Data below:
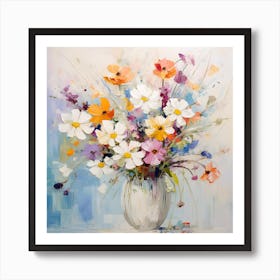 Flowers In A Vase 3 Art Print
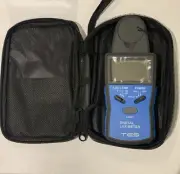 Knightsbridge TE5 Digital Lux Light Meter Tester LCD Screen Carry Case Portable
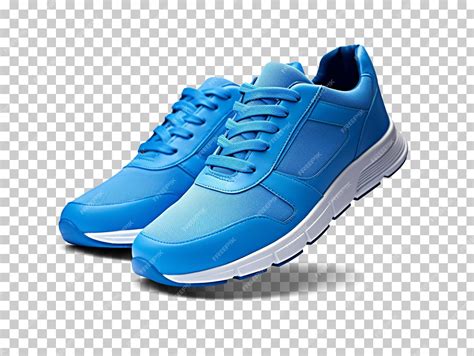 Premium PSD | Blue sport sneakers shoes isolated on transparent background png psd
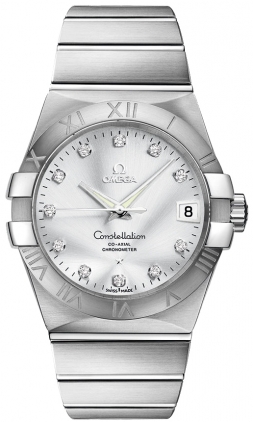 Omega Constellation Self winding Automatic Chronometer Silver Mens Watch 12310382152001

Work task: Word for word, reproduce the material above and omit each image.

Reply to the task:
 Flowers In A Vase 3 Art Print
 Knightsbridge TE5 Digital Lux Light Meter Tester LCD Screen Carry Case Portable
 Premium PSD | Blue sport sneakers shoes isolated on transparent background png psd
 Omega Constellation Self winding Automatic Chronometer Silver Mens Watch 12310382152001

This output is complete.